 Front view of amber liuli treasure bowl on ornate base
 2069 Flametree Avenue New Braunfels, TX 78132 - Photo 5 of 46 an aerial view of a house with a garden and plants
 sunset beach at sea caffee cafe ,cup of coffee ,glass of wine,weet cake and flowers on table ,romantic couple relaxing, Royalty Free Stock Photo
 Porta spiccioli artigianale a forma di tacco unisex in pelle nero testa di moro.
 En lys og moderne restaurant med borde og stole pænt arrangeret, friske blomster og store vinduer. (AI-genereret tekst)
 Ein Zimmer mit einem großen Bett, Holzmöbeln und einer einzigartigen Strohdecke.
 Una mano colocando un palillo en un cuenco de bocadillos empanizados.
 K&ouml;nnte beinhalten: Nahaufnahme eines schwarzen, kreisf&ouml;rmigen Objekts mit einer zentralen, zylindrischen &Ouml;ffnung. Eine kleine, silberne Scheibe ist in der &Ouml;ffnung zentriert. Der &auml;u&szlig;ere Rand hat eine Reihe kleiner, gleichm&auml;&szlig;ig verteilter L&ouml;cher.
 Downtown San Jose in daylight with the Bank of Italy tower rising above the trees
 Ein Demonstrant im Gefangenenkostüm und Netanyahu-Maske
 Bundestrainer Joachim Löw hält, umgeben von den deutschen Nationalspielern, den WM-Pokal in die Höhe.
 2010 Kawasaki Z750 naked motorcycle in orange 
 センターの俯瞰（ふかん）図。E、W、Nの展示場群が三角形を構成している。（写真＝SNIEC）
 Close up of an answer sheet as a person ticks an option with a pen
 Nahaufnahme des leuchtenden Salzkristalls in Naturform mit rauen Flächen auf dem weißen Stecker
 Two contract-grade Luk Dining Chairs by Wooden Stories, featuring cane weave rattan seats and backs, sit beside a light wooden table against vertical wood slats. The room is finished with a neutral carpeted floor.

|---|

= Exercise aim =
Output the full listing above once again, verbatim.

= Answer to this exercise =
 Front view of amber liuli treasure bowl on ornate base
 2069 Flametree Avenue New Braunfels, TX 78132 - Photo 5 of 46 an aerial view of a house with a garden and plants
 sunset beach at sea caffee cafe ,cup of coffee ,glass of wine,weet cake and flowers on table ,romantic couple relaxing, Royalty Free Stock Photo
 Porta spiccioli artigianale a forma di tacco unisex in pelle nero testa di moro.
 En lys og moderne restaurant med borde og stole pænt arrangeret, friske blomster og store vinduer. (AI-genereret tekst)
 Ein Zimmer mit einem großen Bett, Holzmöbeln und einer einzigartigen Strohdecke.
 Una mano colocando un palillo en un cuenco de bocadillos empanizados.
 K&ouml;nnte beinhalten: Nahaufnahme eines schwarzen, kreisf&ouml;rmigen Objekts mit einer zentralen, zylindrischen &Ouml;ffnung. Eine kleine, silberne Scheibe ist in der &Ouml;ffnung zentriert. Der &auml;u&szlig;ere Rand hat eine Reihe kleiner, gleichm&auml;&szlig;ig verteilter L&ouml;cher.
 Downtown San Jose in daylight with the Bank of Italy tower rising above the trees
 Ein Demonstrant im Gefangenenkostüm und Netanyahu-Maske
 Bundestrainer Joachim Löw hält, umgeben von den deutschen Nationalspielern, den WM-Pokal in die Höhe.
 2010 Kawasaki Z750 naked motorcycle in orange 
 センターの俯瞰（ふかん）図。E、W、Nの展示場群が三角形を構成している。（写真＝SNIEC）
 Close up of an answer sheet as a person ticks an option with a pen
 Nahaufnahme des leuchtenden Salzkristalls in Naturform mit rauen Flächen auf dem weißen Stecker
 Two contract-grade Luk Dining Chairs by Wooden Stories, featuring cane weave rattan seats and backs, sit beside a light wooden table against vertical wood slats. The room is finished with a neutral carpeted floor.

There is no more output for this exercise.